Marissa Mayer, Google's first female engineer and probably the only one who will ever grace the pages of Vogue, is taking on a new role at Google heading up its work on location-aware services and local markets after years of overseeing the user interface of Google search. She'll also be joining Google's operating committee, the cabinet-of-sorts for Google's ruling triumvirate of CEO Eric Schmidt and co-founders Sergey Brin and Larry Page.
"Marissa is moving over to an exciting new role covering geo/local, which is crucial to our users and the future of Google. Marissa has made an amazing contribution on search over the last decade, and we're excited about her input in this new area in the decade ahead," Google said in a statement.
Mayer, 35, is now the youngest person on that committee. Her elevation is a sign not only that Google believes in her past contributions, but also that it believes she is the person that can help the company solve the pending problem of how to stay relevant as the Internet evolves beyond search as the center of the online universe.
In a way, it's confirmation that Google believes it missed out when it allowed Foursquare founder Dennis Crowley to leave the company after it had acquired Crowley's older company, Dodgeball, yet left it to wither on the vine. Mayer will be tasked with figuring out how to take advantage of Google's huge database of local information--things like Place Pages and Google Maps--and its work on mobile applications like Latitude to create the most interactive Yellow Pages the world has yet seen, according to one source familiar with Google's plans.
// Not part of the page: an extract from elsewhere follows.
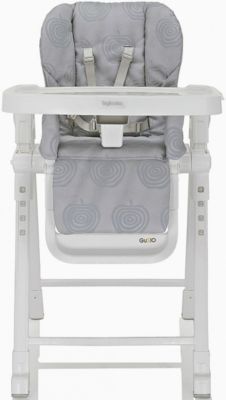 Стульчик для кормления GUSTO, Inglesina, silver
It's also a gamble that Google no longer faces the type of competitive threats on its home turf that it once did. Google is asking Udi Manber--its chief search engineer--to also take on Mayer's product-oriented role, a shift in management philosophy from an older Google where separate people were in charge of product development and engineering to a newer one where that role is occupied by a single person, such as Andy Rubin's role heading up the Android team or Dave Girouard's role heading up Google's enterprise technology efforts.
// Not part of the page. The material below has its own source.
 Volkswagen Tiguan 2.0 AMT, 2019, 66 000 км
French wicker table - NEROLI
Google is often reluctant to talk about big-company topics like human resources management or organizational structure, but as the company grows older and bigger such topics matter. A source familiar with the company's thinking said that while little will change for rank-and-file Googlers as a result of Mayer's promotion, the promotion sends a clear message as to Google's future priorities.
In addition to her work on local and location-aware products, Mayer will lead a team examining what is in store for the Internet far into the future, a subject matter Google--and few others--have yet to articulate. There's clear acknowledgment that the social-media power brokers (really, Facebook and Twitter) will start accumulating their fair share of Internet advertising dollars as they grow, potentially shrinking the pie from which Google can depend on to fund driverless cars and wave-powered energy.
Google needs to defend its search stronghold and acquire a foothold in these growing areas, and Mayer will be given the honor and the pressure of delivering on these needs. It's not clear whether Google's reimagining of its social-media strategy--internally code-named Google Me--will roll up into Mayer's domain: Techcrunch has reported that Google mobile czar Vic Gundotra is heading up that project.
But Mayer has now been elevated above Gundotra, perhaps the other most visible face of the company below Schmidt and the co-founders in recent years. Her position on the operating committee gives her the organizational heft to influence Google's decision making and the authority to approve or reject ideas that will impact Google's future.
Google clarified that the near-simultaneous redesign of its management page--which erases all mention of the operating committee--is designed mostly for investor purposes, to highlight the "named executives" that the company is required to list on its proxy statement and disclose their compensation. Still, while Mayer's name no longer appears on that page, the company has bet an awful lot of its future on her ability to produce results.
Google reports its third-quarter earnings on Thursday, and might have more to say about its organizational philosophy at that time.